Input data =>
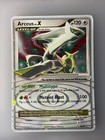 Arceus LV. X
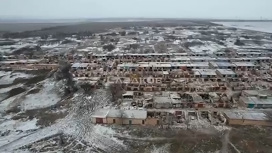 В ДНР рассмотрят вопрос выплаты матпомощи эвакуированным жителям В ДНР рассмотрят вопрос выплаты матпомощи эвакуированным жителям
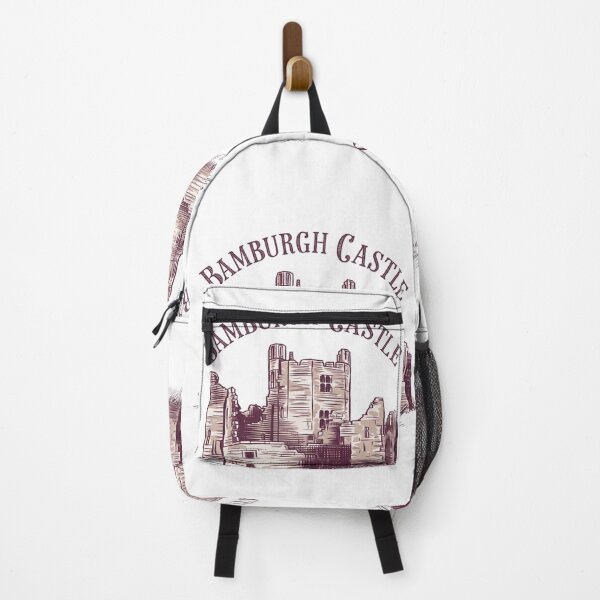 Item preview, Copy of Bamburgh Castle magical - English Heritage history designed and sold by Adventure paradise ⭐⭐⭐⭐⭐.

Required work =>
Copy exactly, please, every line from the one holding "эвакуированным жителям В" through the last line of the data, both ends included, and no pictures.

Solved exercise =>
 В ДНР рассмотрят вопрос выплаты матпомощи эвакуированным жителям В ДНР рассмотрят вопрос выплаты матпомощи эвакуированным жителям
 Item preview, Copy of Bamburgh Castle magical - English Heritage history designed and sold by Adventure paradise ⭐⭐⭐⭐⭐.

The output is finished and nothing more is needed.